#Code splitting

Rspack supports code splitting, letting you divide your code into separate chunks. You have full control over the size and number of generated assets to improve loading performance.

Here, a Chunk refers to a resource that a browser needs to load.

#Dynamic import

Rspack uses the import() syntax that conforms to the ECMAScript proposal for dynamic imports.

In index.js, we dynamically import two modules through import(), separating them into a new chunk.

import('./foo.js');
import('./bar.js');

import './shared.js';
console.log('foo.js');

import './shared.js';
console.log('bar.js');

Building this project produces three chunks: src_bar_js.js, src_foo_js.js, and main.js. Inspecting them shows that shared.js exists in both src_bar_js.js and src_foo_js.js. We will cover how to remove duplicated modules later.

#Entry point

This is the simplest and most intuitive way to split the code, but it requires manual configuration. Let's start by looking at how to create multiple Chunks from multiple entry points.

export default {
  mode: 'development',
  entry: {
    index: './src/index.js',
    another: './src/another-module.js',
  },
  stats: 'normal',
};

import './shared';
console.log('index.js');

import './shared';
console.log('another-module');

This will yield the following build result:

...
     Asset      Size   Chunks             Chunk Names
another.js  1.07 KiB  another  [emitted]  another
  index.js  1.06 KiB    index  [emitted]  index
Entrypoint another = another.js
Entrypoint index = index.js
[./src/index.js] 41 bytes {another} {index}
[./src/shared.js] 24 bytes {another} {index}

Similarly, examining the output shows that they all include the repeated shared.js.

#SplitChunksPlugin

The splitting approach above is intuitive, but most modern browsers support concurrent network requests. If we split a single-page application into one chunk per page, the browser still has to fetch a large chunk when users switch pages, which wastes that concurrency. Instead, we can break the chunk into smaller ones and request those smaller chunks at the same time to use the browser's network capacity more effectively.

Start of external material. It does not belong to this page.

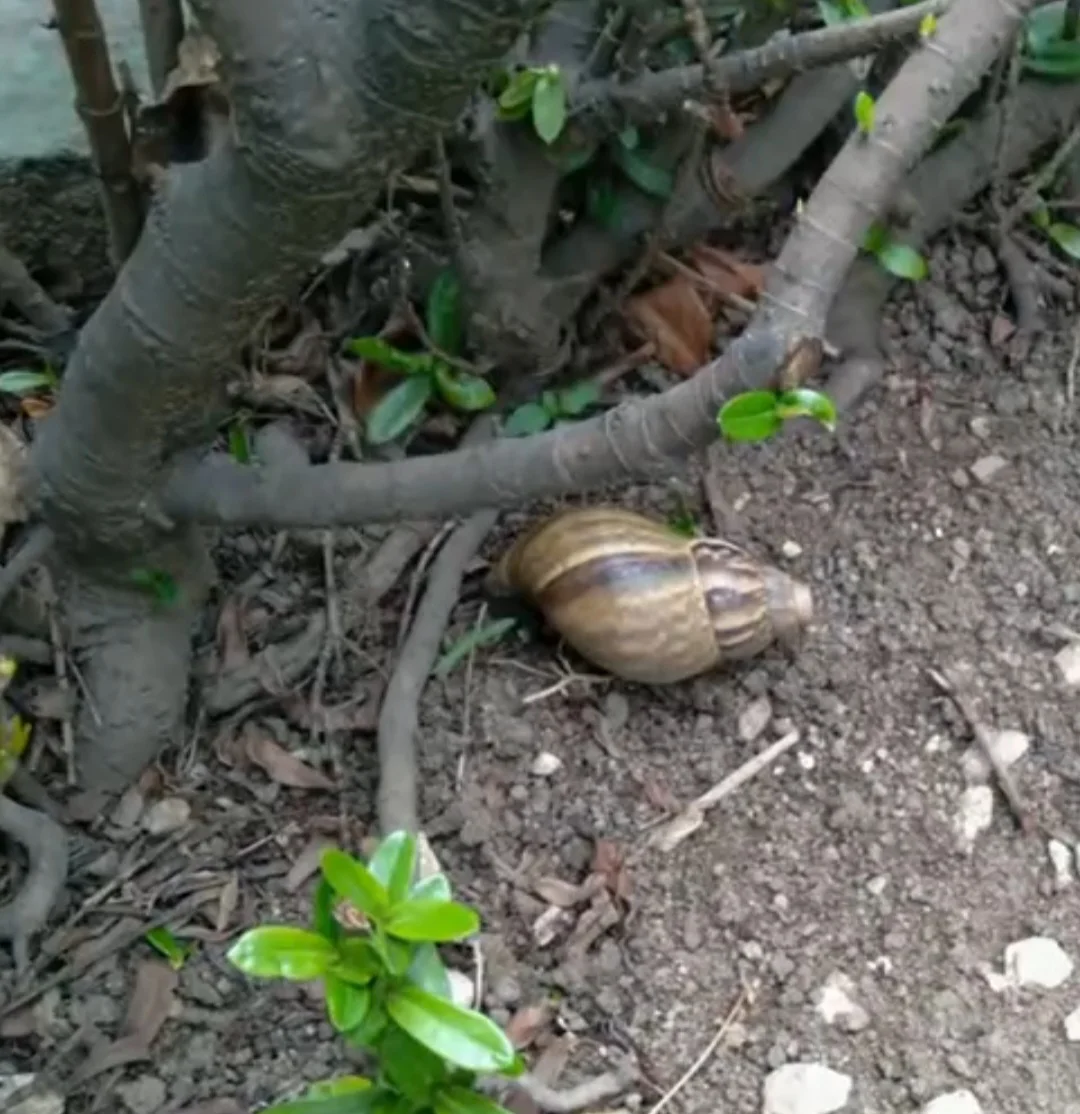 O verme da meningite foi encontrado em um caramujo que estava num terreno no município de Nova Iguaçu, na Baixada Fluminense.  -  (crédito: Reprodução TV Globo )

Rspack defaults to splitting files in the node_modules directory and duplicate modules, extracting these modules from their original Chunk into a separate new Chunk. Why does shared.js still appear repeatedly in our example above? The shared.js file here is very small, and splitting such a small module into its own Chunk can actually slow down loading.

We can configure the minimum split size to 0 to allow shared.js to be extracted on its own.

export default {
  entry: {
    index: './src/index.js',
  },
+  optimization: {
+    splitChunks: {
+      minSize: 0,
+    }
+  }
};

After rebuilding, you will find that shared.js has been extracted separately, and there is an additional Chunk in the output that contains only shared.js.

#Force the splitting of certain modules

We can specify certain modules to be forcibly grouped into a single Chunk, for example, the following configuration:

export default {
  optimization: {
    splitChunks: {
      cacheGroups: {
        someLib: {
          test: /\/some-lib\//,
          name: 'lib',
        },
      },
    },
  },
};

With the above configuration, all files that include the some-lib directory in their path can be extracted into a single Chunk named lib. If the modules in some-lib are rarely changed, this Chunk will consistently hit the user's browser cache, thus a well-considered configuration like this can increase the cache hit rate.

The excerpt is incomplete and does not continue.